Port is a sweet, fortified wine with numerous styles: Ruby, Tawny, Vintage, Late Bottled Vintage (LBV), White, Colheita, and a few unusual others. It is blended from from the most important red grapes of the Douro Valley, based primarily on Touriga Nacional with over 80 other varieties approved for use. Most Ports are best served slightly chilled at around 55-65°F. To learn more, see our full Port Wine Guide
The home of Port—perhaps the most internationally acclaimed beverage—the Douro region of Portugal is one of the world’s oldest delimited wine regions, established in 1756. The vineyards of the Douro, set on the slopes surrounding the Douro River (known as the Duero in Spain), are incredibly steep, necessitating the use of terracing and thus, manual vineyard management as well as harvesting. The Douro's best sites, rare outcroppings of Cambrian schist, are reserved for vineyards that yield high quality Port.

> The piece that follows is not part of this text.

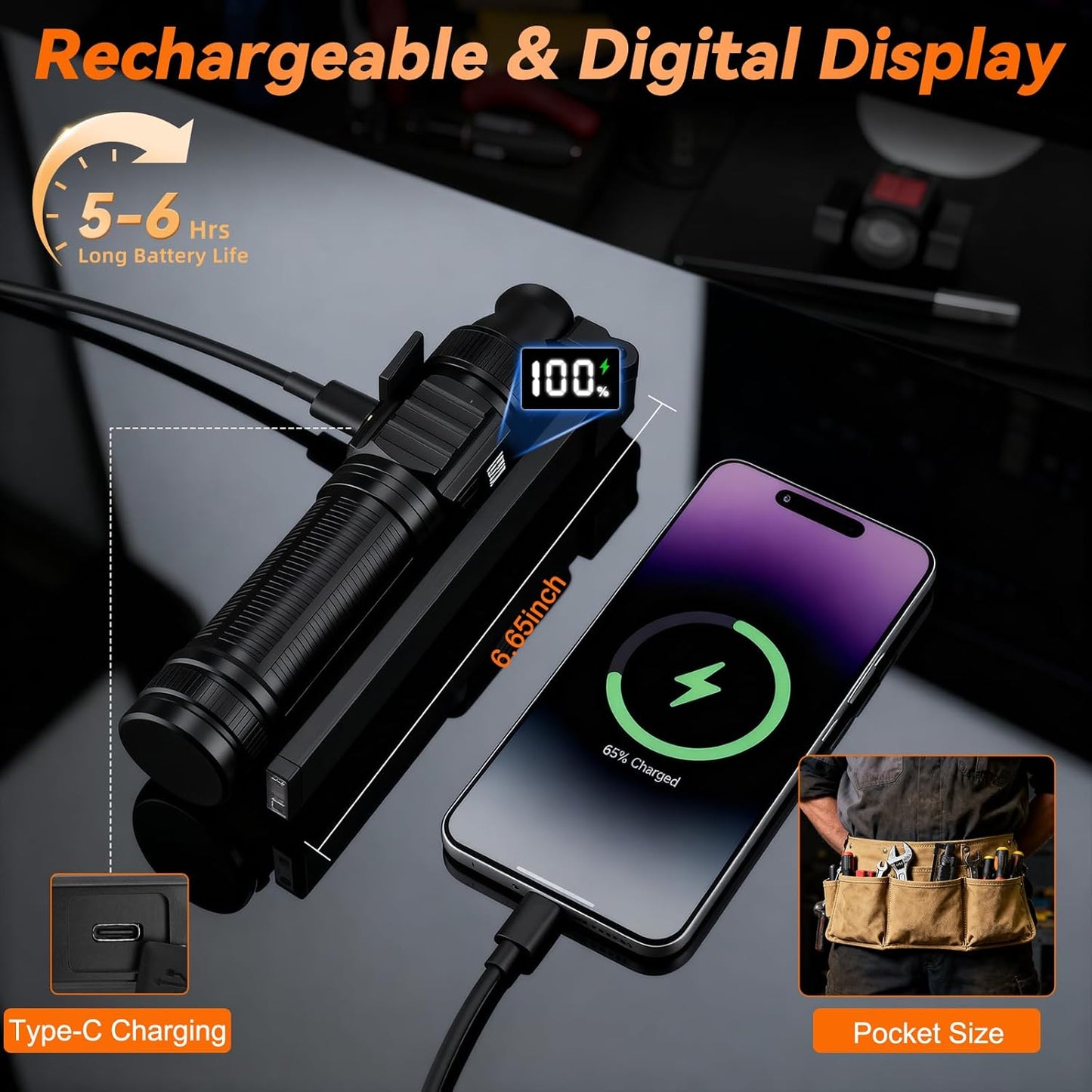 2Pack Magnetic Rechargeable LED Work Light/Flashlight for Mechanics | All Aluminum, 1500 High Lumens, Digital Display, 7 Modes, 360° Rotation, for Car Repairing, Emergency, Gifts for Father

While more than 100 indigenous varieties are approved for wine production in the Douro, there are five primary grapes that make up most Port and the region's excellent, though less known, red table wines. Touriga Nacional is the finest of these, prized for its deep color, tannins and floral aromatics. Tinta Roriz (Spain's Tempranillo) adds bright acidity and red fruit flavors. Touriga Franca shows great persistence of fruit and Tinta Barroca helps round out the blend with its supple texture. Tinta Cão, a fine but low-yielding variety, is now rarely planted but still highly valued for its ability to produce excellent, complex wines.
White wines, generally crisp, mineral-driven blends of Arinto, Viosinho, Gouveio, Malvasia Fina and an assortment of other rare but local varieties, are produced in small quantities but worth noting.
With hot summers and cool, wet winters, the Duoro has a maritime climate.